Here are my short range goals:

  • Learn pick-up patterns on the loom
  • Attempt some other pattern manipulation techniques
  • Consider weaving a color-and-weave study piece (though I’d prefer a color-and-weave-and-texture piece)

Here are my long range goals:

  • Learn to use two heddles (which includes learningĀ why one would want to use two heddles)
  • Learn to use three heddles (ditto)

Before plunging into another practice project, I’ve been hitting the books. I have several books on rigid heddle weaving and I like all of them. The ones, as a beginner, I’ve found most useful—well, really all of them are useful—but these are the few I’ve been consulting:

One thing I’ve learned as I studied each of these volumes is: WARPING TIME IS IMPORTANT. I feel the need to confess now that I have a third rigid heddle loom—a 32″ Kromski Harp. It also has a two-year-old project languishing on its frame. This is because I ran into a warping difficulty of such significance that I couldn’t proceed with the project, couldn’t readily fix it, and couldn’t bear to remove the third-of-a-project from the loom. I’m pretty sure this problem was caused by my own ignorance about weaving procedures as well as inattention to necessary details of warping. I hadn’t had any problems before so I wasn’t expecting any now.

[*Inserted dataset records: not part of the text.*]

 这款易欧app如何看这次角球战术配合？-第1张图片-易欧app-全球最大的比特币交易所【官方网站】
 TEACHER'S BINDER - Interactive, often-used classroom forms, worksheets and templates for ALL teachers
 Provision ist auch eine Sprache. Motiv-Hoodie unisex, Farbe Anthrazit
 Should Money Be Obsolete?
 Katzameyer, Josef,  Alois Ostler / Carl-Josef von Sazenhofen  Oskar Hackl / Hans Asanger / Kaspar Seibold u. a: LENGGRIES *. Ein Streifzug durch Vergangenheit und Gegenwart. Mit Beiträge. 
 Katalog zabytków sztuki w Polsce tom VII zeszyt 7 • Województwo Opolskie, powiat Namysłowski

I keep unrolling and re-rolling each end trying to straighten out my warping issues.

I’m not a novice at the loom, but I’m still a beginner. There’s a lot I need to read up on, but I want practical experience at the same time. In the past I haven’t understood the need to separate the layers of warp from each other. I did it anyway, but I didn’t understand why. I still don’t fully understand it, but what’s finally clear is that separating the warps (using warping sticks) will keep each layer level as I roll it up. My warping problem on the Kromski was an outer warp that somehow ended up excessively tight, or short. I’m hoping that using warping sticks will help eliminate a recurrence—planning to cut some to fit my Ashford tomorrow.

I also had an idea today while warping up my 20″ loom (for the first time in over two years). I started warping from one side of the warp beam intending to move across to the other end. But as I tied to one end, it seemed to pull the dowel out of kilter. I wanted the dowel in a secure position, so I tied a scrap warp to each end of it, to pull the whole thing into alignment while I warped.

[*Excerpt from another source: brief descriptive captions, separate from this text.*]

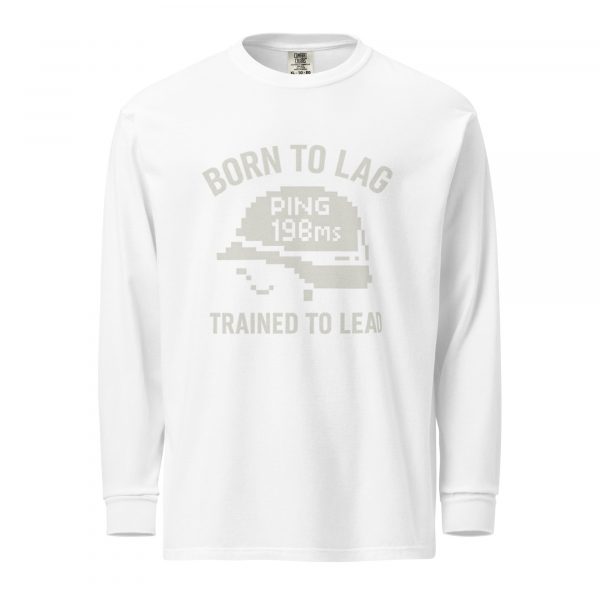 Born To Lag Trained To Lead Long Sleeve | Premium Heavyweight | 2-3X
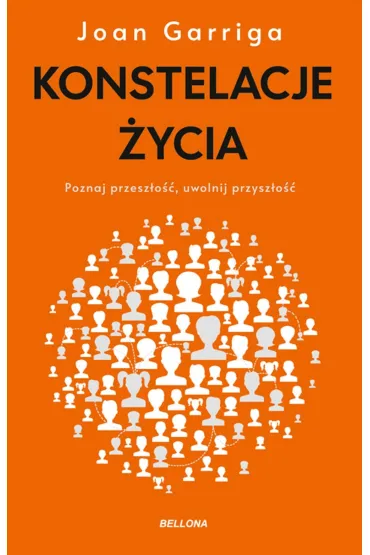 Konstelacje �ycia. Poznaj przesz�o��, uwolnij przysz�o�� - Joan  Garriga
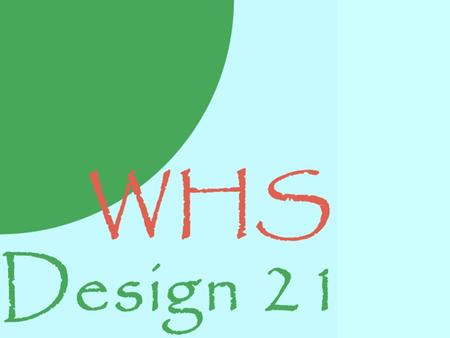 Objective: Reviewing the vision and restarting the work. Agenda 1.Design 21 overview 2.Accept Fall 09 timetable draft 6 3.Career Academies: Brainstorming.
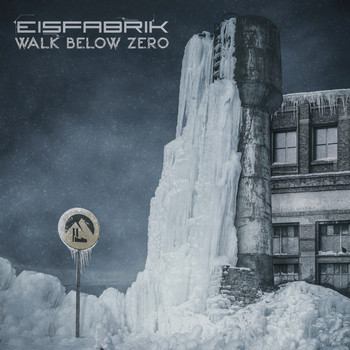 Eisfabrik - Walk Below Zero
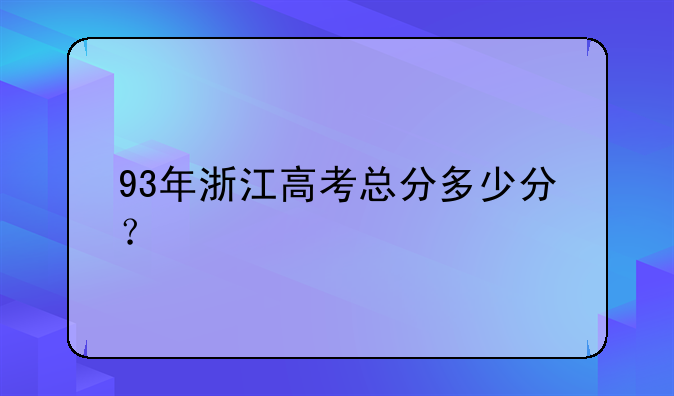 93年浙江高考总分多少分？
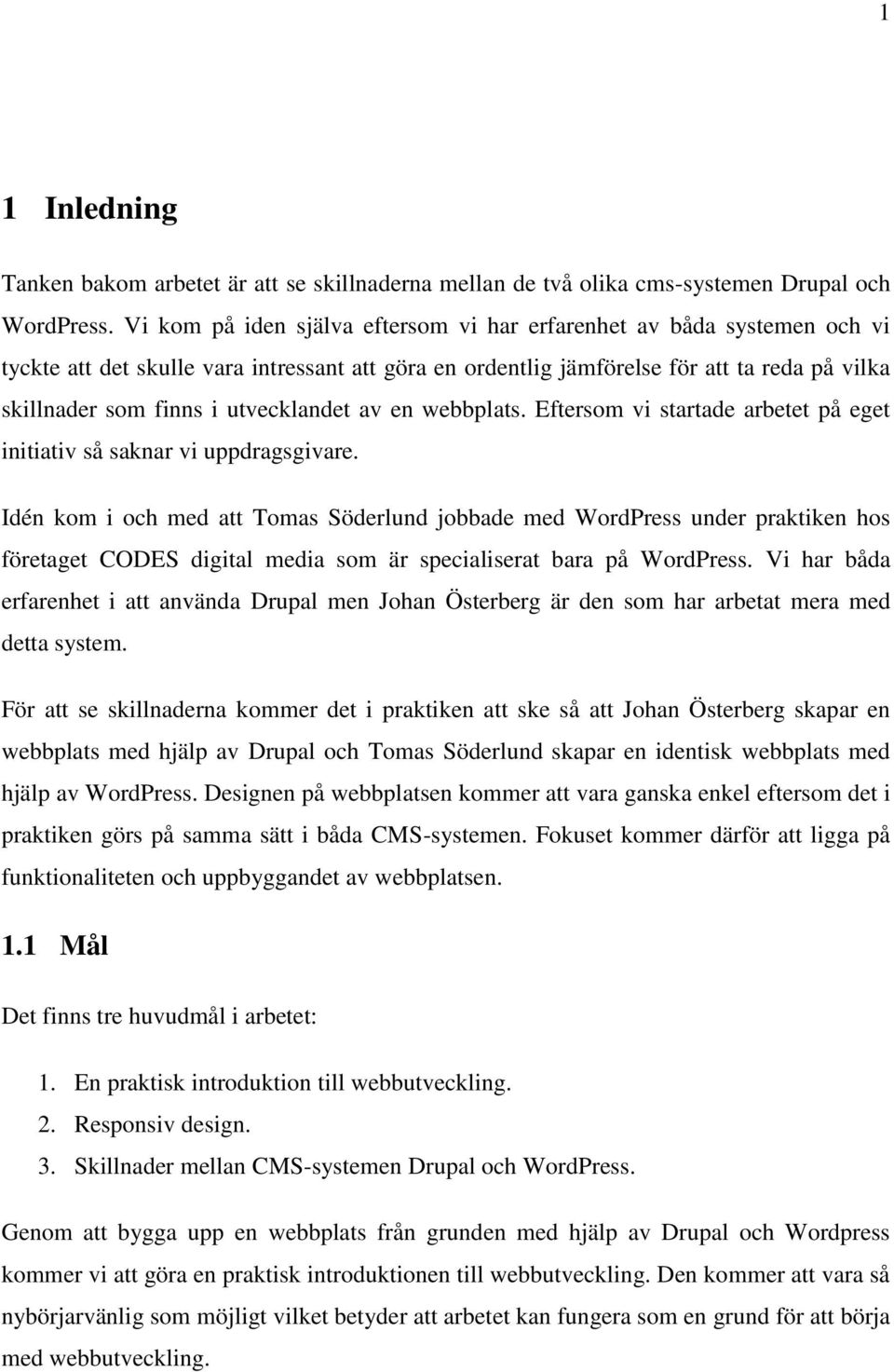 utvecklandet av en webbplats. Eftersom vi startade arbetet på eget initiativ så saknar vi uppdragsgivare.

The loom end of the warping process. The scrap warps are an aqua and white color on the far outside edges of the loom.

The length of warp (with messy room edited out of photo). Scrap warps are secured to outer posts of my warping peg board.

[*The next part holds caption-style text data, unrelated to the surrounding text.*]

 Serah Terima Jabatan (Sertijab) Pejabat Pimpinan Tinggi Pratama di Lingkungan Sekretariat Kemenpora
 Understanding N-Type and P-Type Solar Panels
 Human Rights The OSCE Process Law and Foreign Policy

Warping process shown from warping peg board view. (Warping peg board made by my husband.)

I’m not sure it was necessary to have the scrap warp extend the whole length of the table. I probably could have tied it to the front of the loom.

For this practice piece I might want to switch out the purple yarn—I can decide tomorrow. I’m hoping we’ll find time to cut warping sticks to fit this loom (as well as make some pick-up sticks).

My goals are moving at a crawl, but they’re moving. Once we get the equipment made the goals will start toddling . . . walking . . . running . . . maybe even flying!